### [Task requirements]
What you return should be only the lines in the entries below between the one holding "Jogo De Pratos" and the one holding "Gray Wood Framed", ends included, with every picture left out.
──────── Record extracts ────────
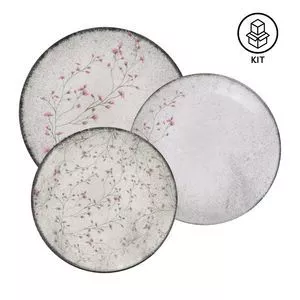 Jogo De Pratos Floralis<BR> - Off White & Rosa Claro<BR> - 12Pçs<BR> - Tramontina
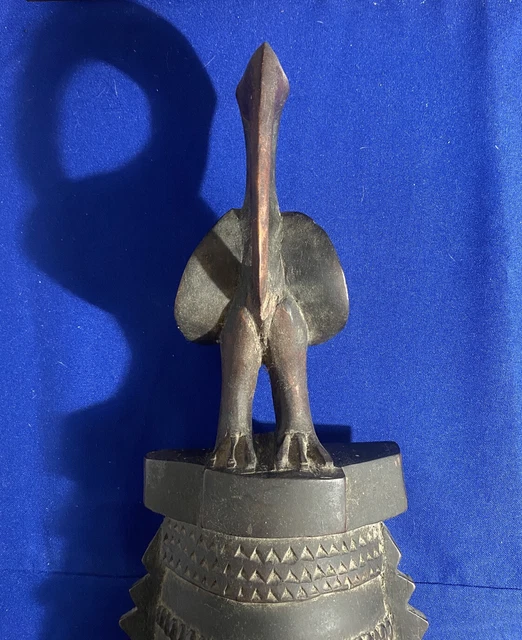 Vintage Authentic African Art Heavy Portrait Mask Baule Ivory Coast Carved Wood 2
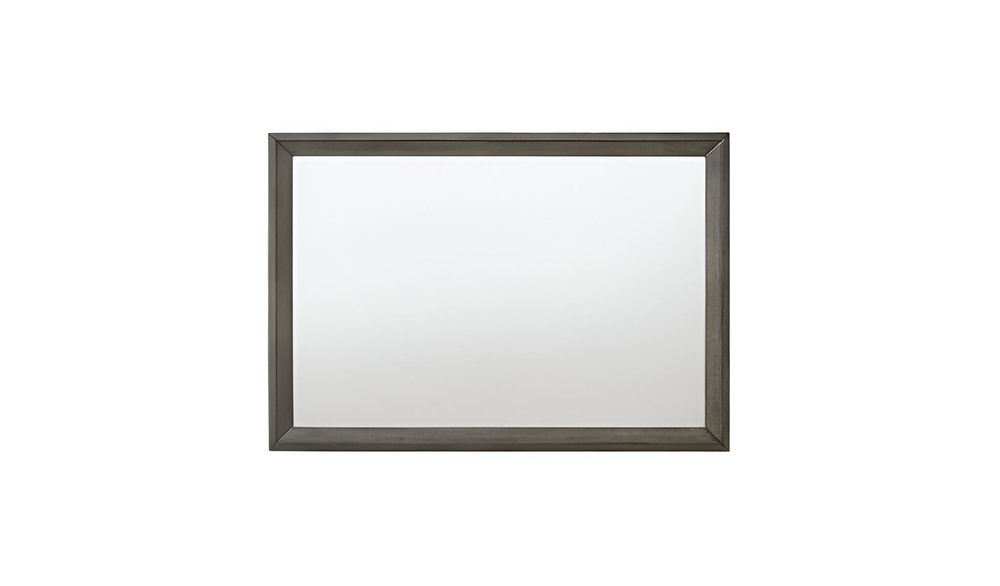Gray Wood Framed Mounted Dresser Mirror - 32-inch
────────
──────── Record extracts ────────
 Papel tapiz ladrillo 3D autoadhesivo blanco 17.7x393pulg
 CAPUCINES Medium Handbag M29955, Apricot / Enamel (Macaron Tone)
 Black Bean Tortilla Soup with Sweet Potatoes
────────
### [Answer to the problem]
 Jogo De Pratos Floralis<BR> - Off White & Rosa Claro<BR> - 12Pçs<BR> - Tramontina
 Vintage Authentic African Art Heavy Portrait Mask Baule Ivory Coast Carved Wood 2
Gray Wood Framed Mounted Dresser Mirror - 32-inch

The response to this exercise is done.